** The task **
From the line that contains "日光二荒山神社(栃木県)" to the final line of the records below, print each line exactly and leave every picture out.

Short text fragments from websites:
§

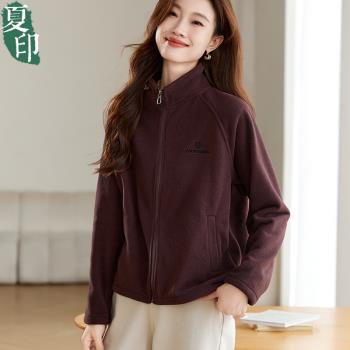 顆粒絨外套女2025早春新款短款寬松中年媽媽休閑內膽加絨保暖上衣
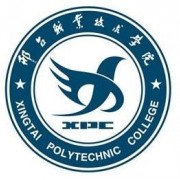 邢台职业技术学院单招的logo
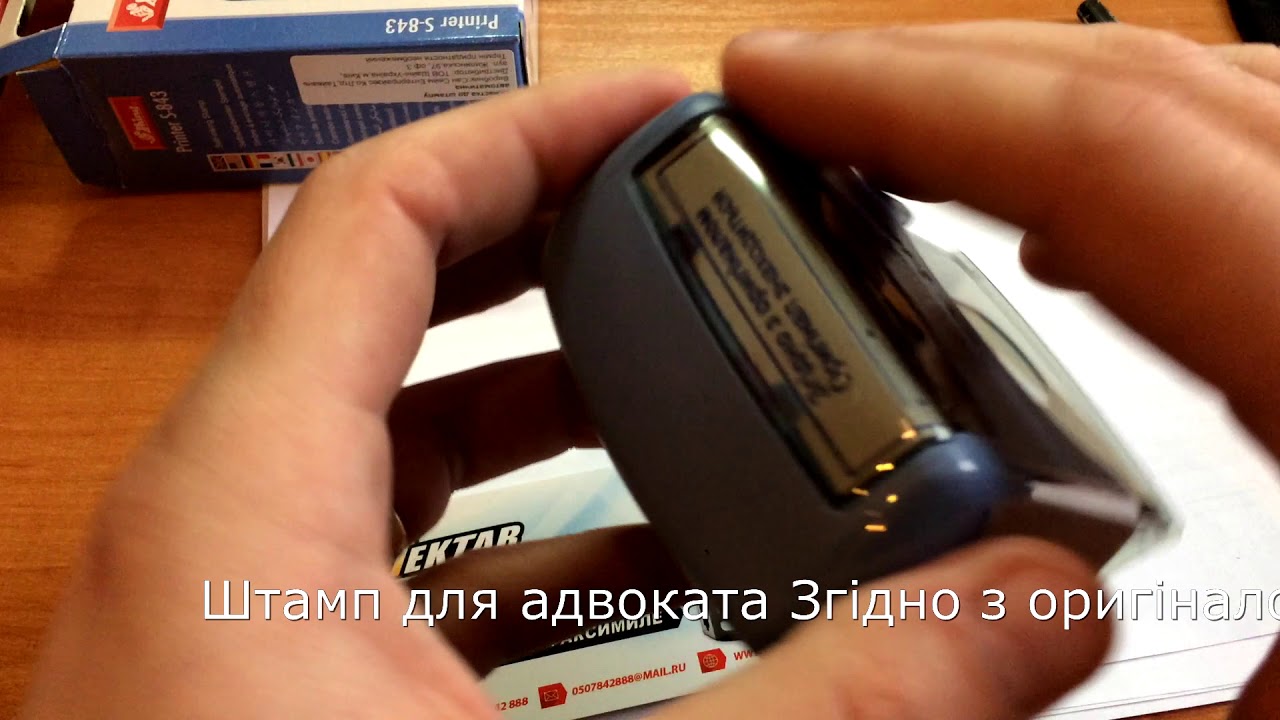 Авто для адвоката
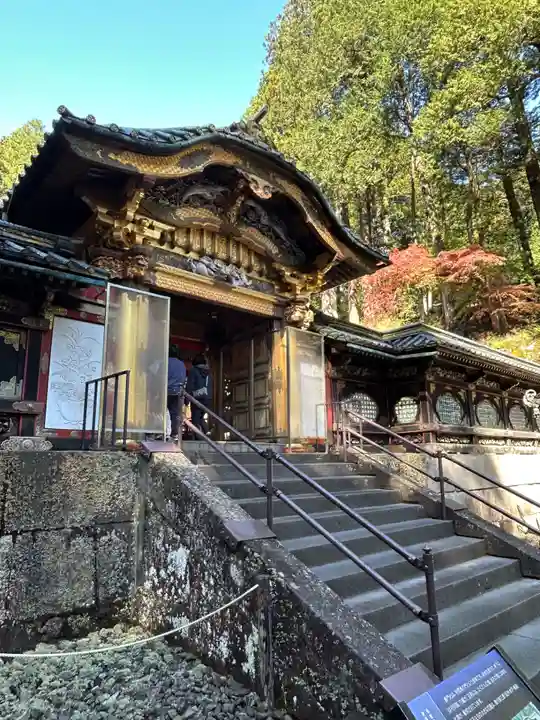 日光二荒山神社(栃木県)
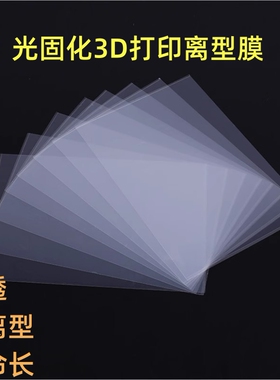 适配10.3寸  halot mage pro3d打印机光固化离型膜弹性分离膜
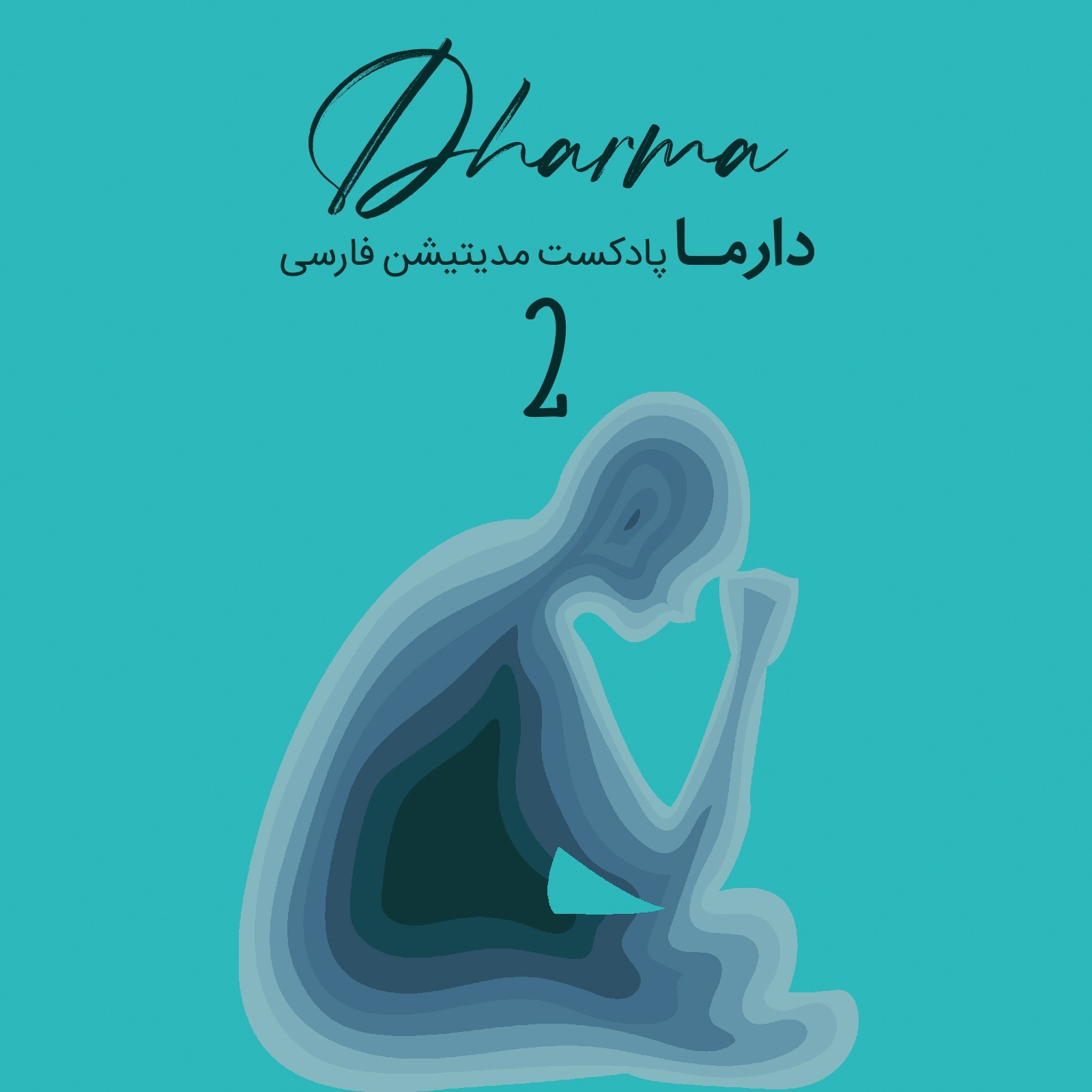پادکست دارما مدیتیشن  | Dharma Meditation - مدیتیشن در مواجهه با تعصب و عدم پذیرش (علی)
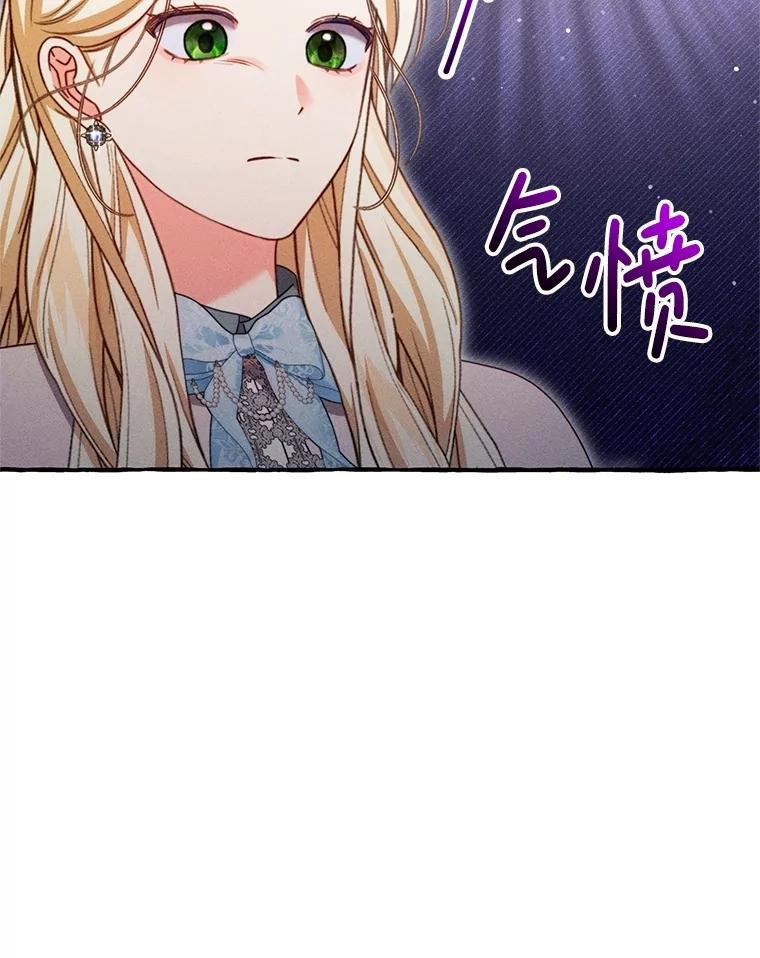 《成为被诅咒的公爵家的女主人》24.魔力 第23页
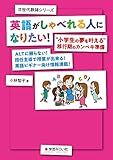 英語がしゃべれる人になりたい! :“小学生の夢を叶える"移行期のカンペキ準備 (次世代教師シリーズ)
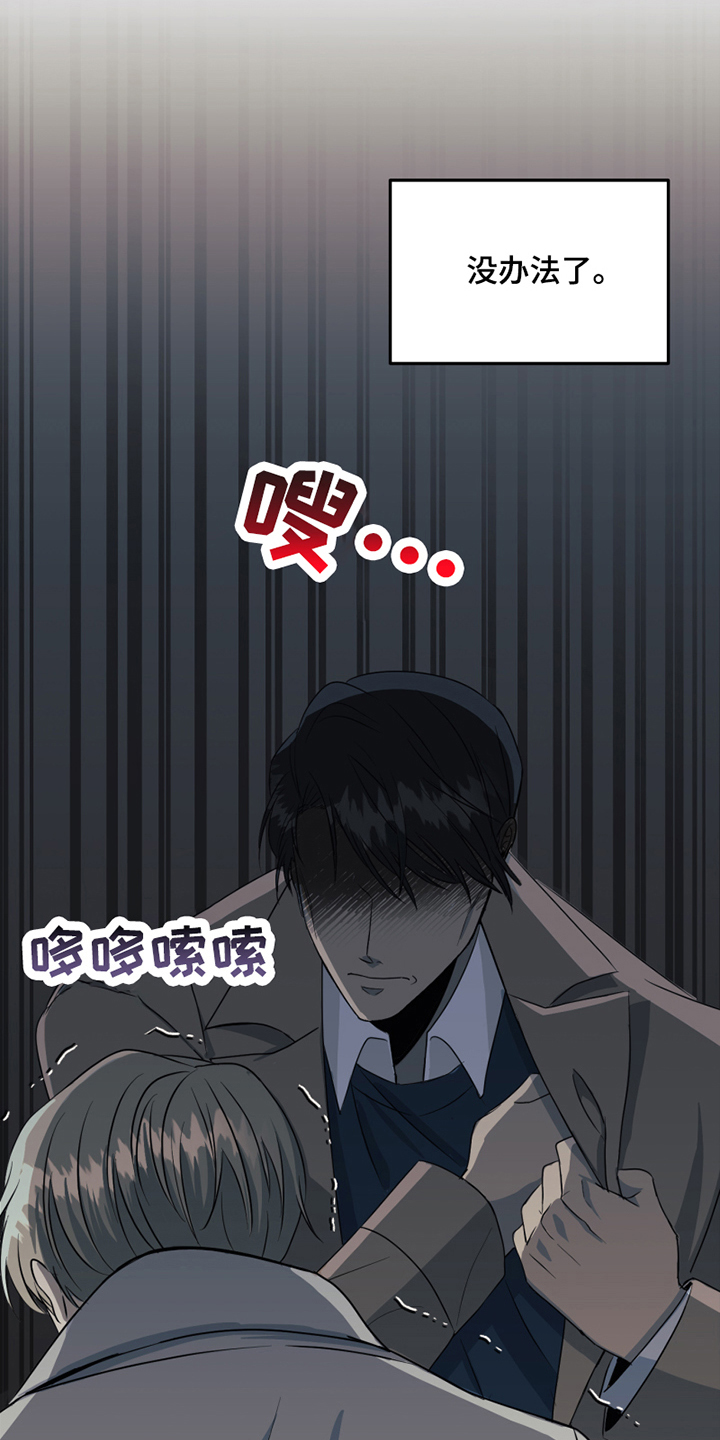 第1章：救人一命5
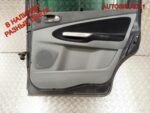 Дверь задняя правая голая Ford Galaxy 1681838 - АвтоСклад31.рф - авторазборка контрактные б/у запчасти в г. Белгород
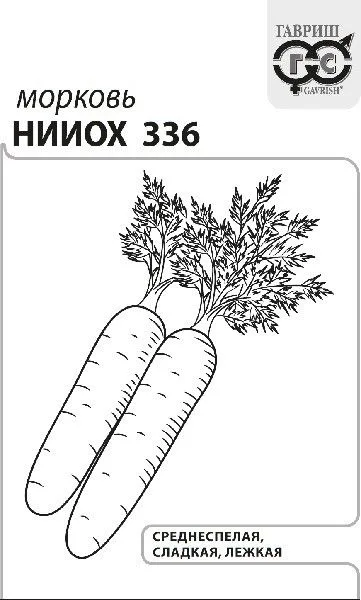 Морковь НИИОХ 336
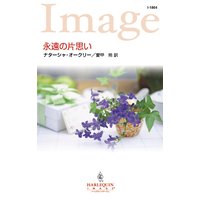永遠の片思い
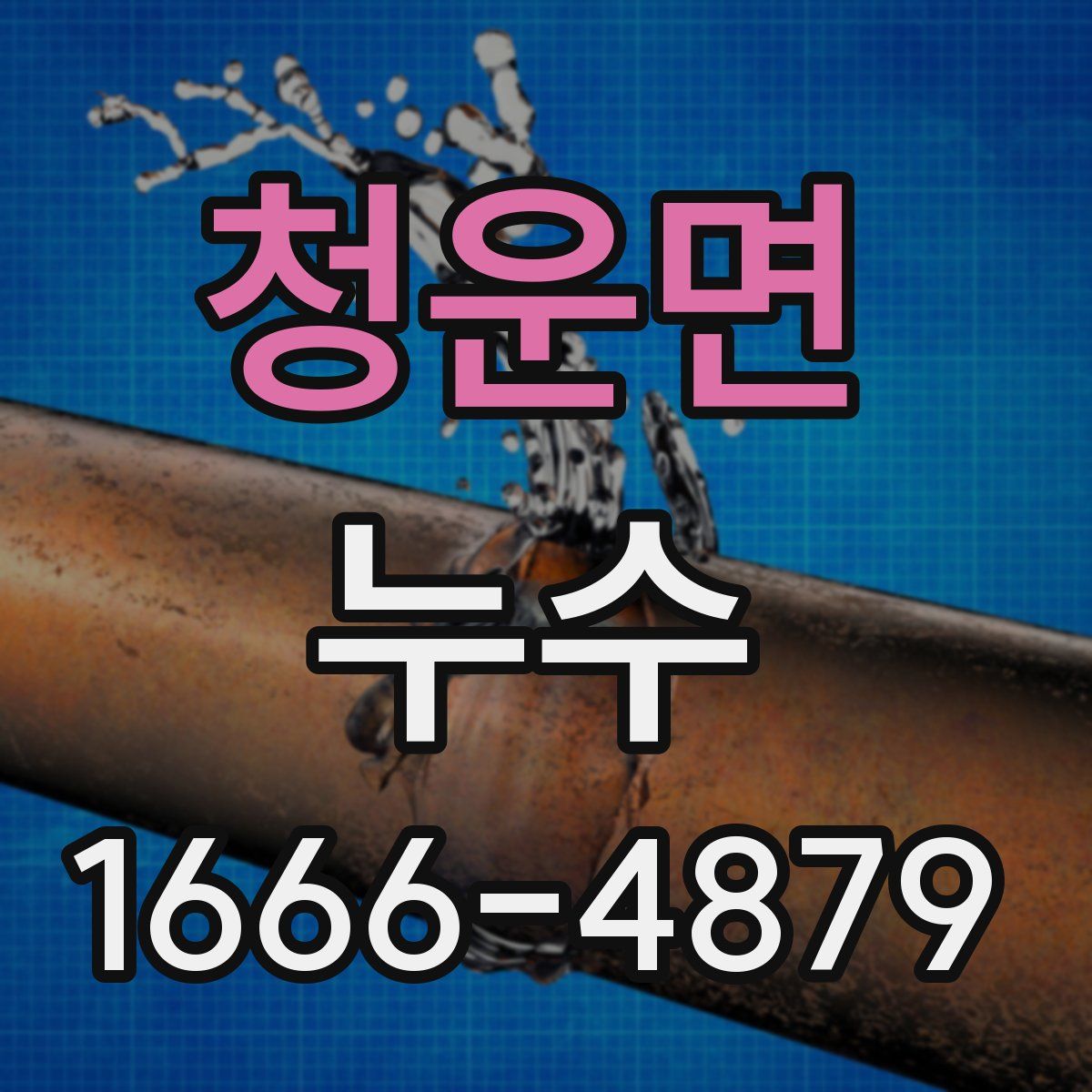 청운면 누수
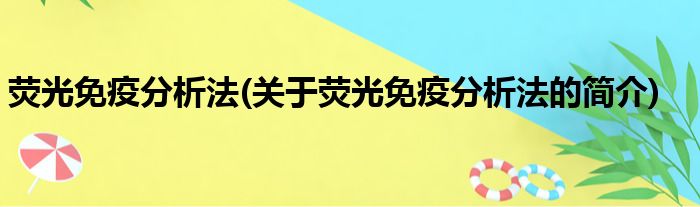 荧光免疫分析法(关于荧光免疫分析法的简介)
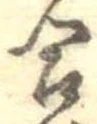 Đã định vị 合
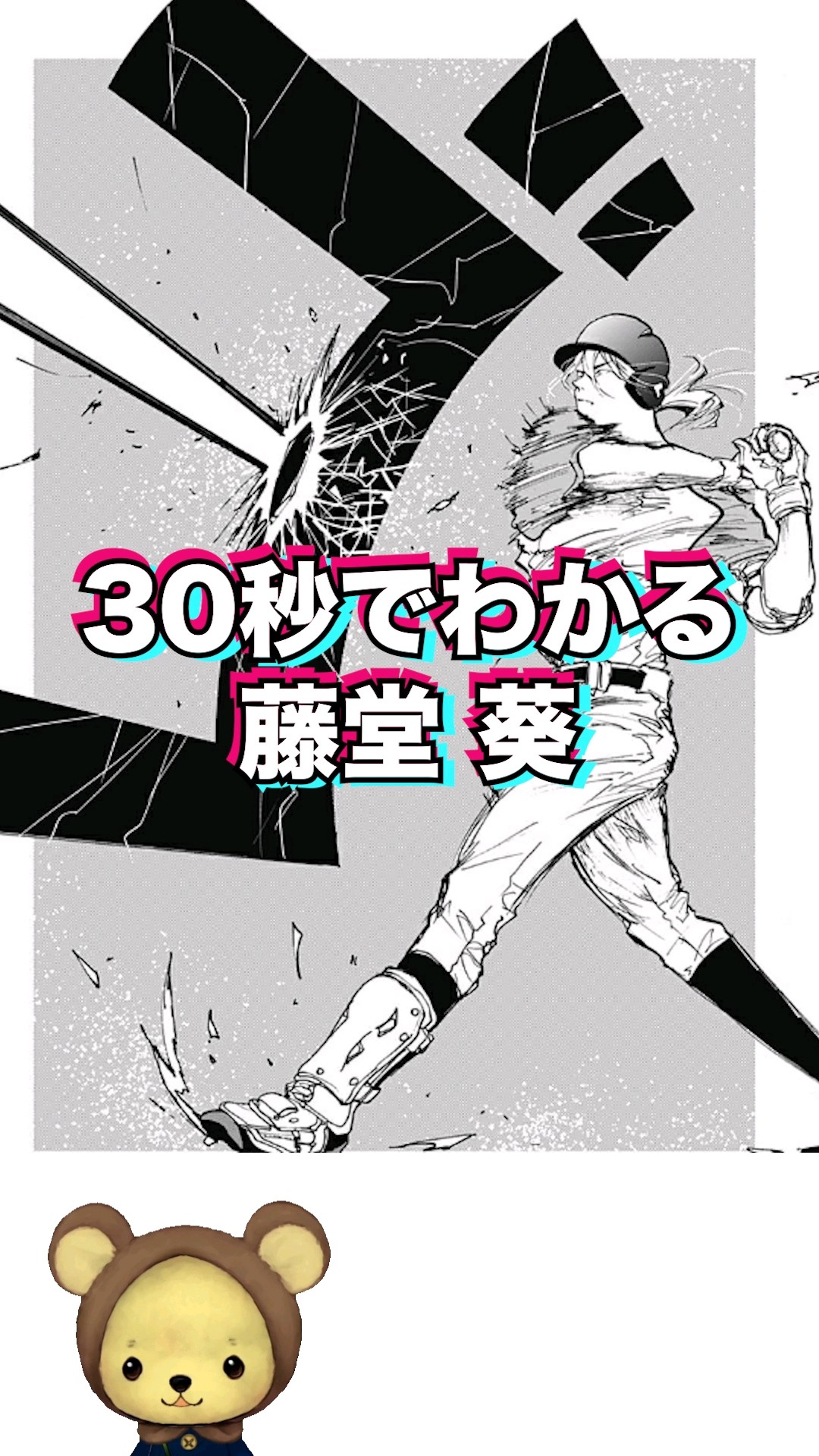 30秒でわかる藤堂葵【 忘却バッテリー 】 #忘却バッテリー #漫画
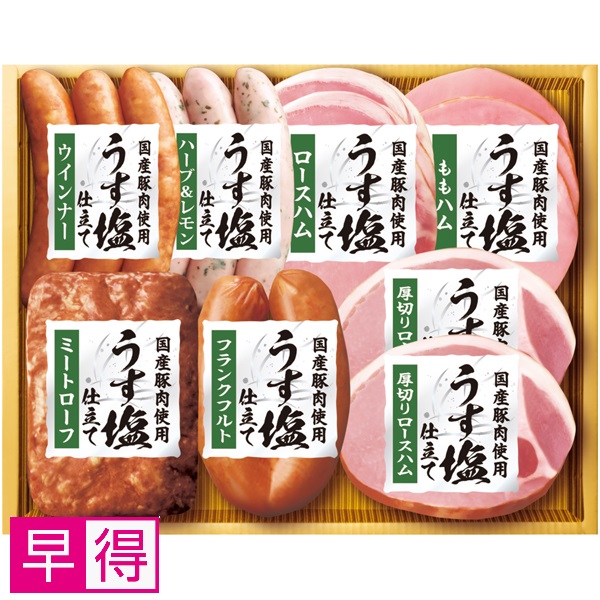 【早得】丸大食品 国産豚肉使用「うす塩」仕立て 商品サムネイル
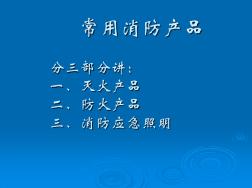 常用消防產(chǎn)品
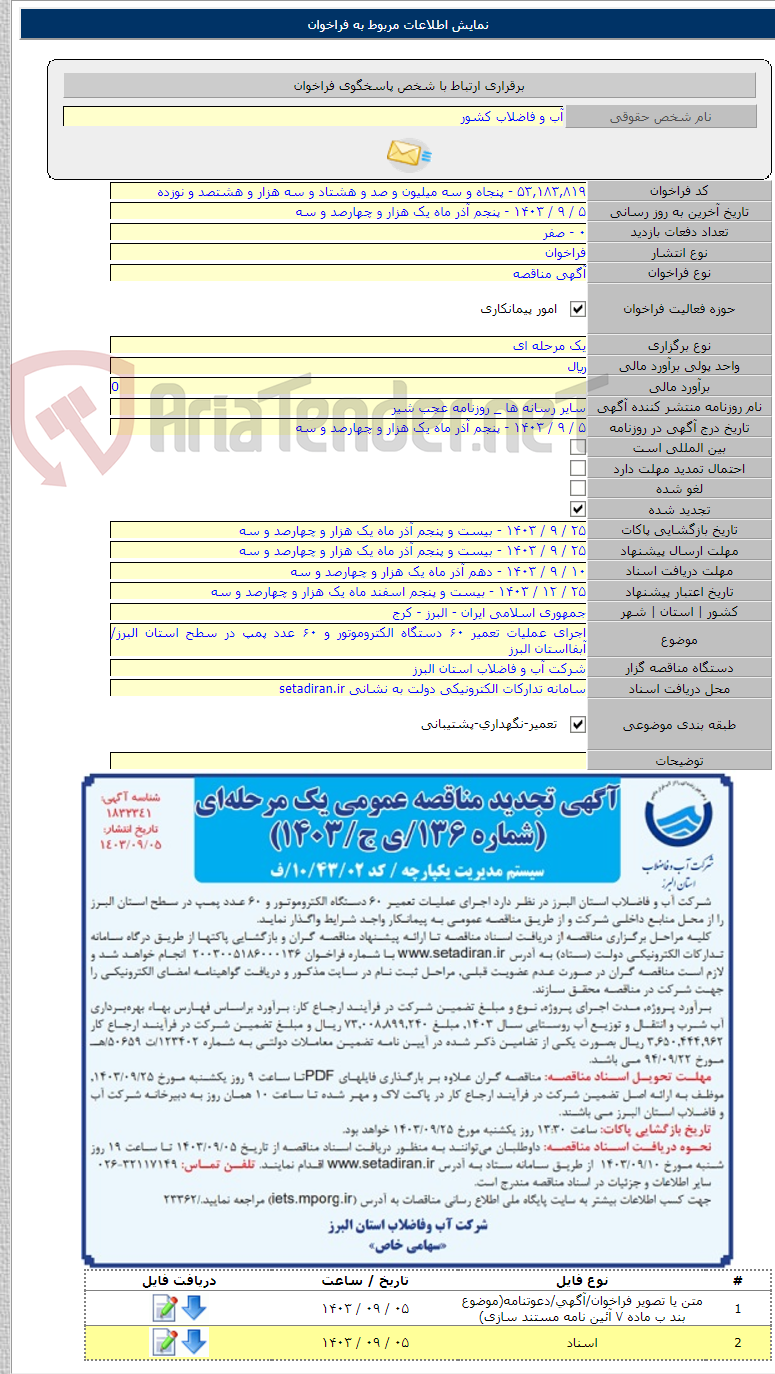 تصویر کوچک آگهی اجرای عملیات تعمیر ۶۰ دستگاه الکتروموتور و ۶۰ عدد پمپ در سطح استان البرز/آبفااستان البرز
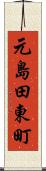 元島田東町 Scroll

§

** Task result **
 日光二荒山神社(栃木県)
 适配10.3寸  halot mage pro3d打印机光固化离型膜弹性分离膜
پادکست دارما مدیتیشن  | Dharma Meditation - مدیتیشن در مواجهه با تعصب و عدم پذیرش (علی)
 《成为被诅咒的公爵家的女主人》24.魔力 第23页
 英語がしゃべれる人になりたい! :“小学生の夢を叶える"移行期のカンペキ準備 (次世代教師シリーズ)
 第1章：救人一命5
 Дверь задняя правая голая Ford Galaxy 1681838 - АвтоСклад31.рф - авторазборка контрактные б/у запчасти в г. Белгород
 Морковь НИИОХ 336
永遠の片思い
 청운면 누수
 荧光免疫分析法(关于荧光免疫分析法的简介)
 Đã định vị 合
 30秒でわかる藤堂葵【 忘却バッテリー 】 #忘却バッテリー #漫画
 【早得】丸大食品 国産豚肉使用「うす塩」仕立て 商品サムネイル
 常用消防產(chǎn)品
 تصویر کوچک آگهی اجرای عملیات تعمیر ۶۰ دستگاه الکتروموتور و ۶۰ عدد پمپ در سطح استان البرز/آبفااستان البرز
 元島田東町 Scroll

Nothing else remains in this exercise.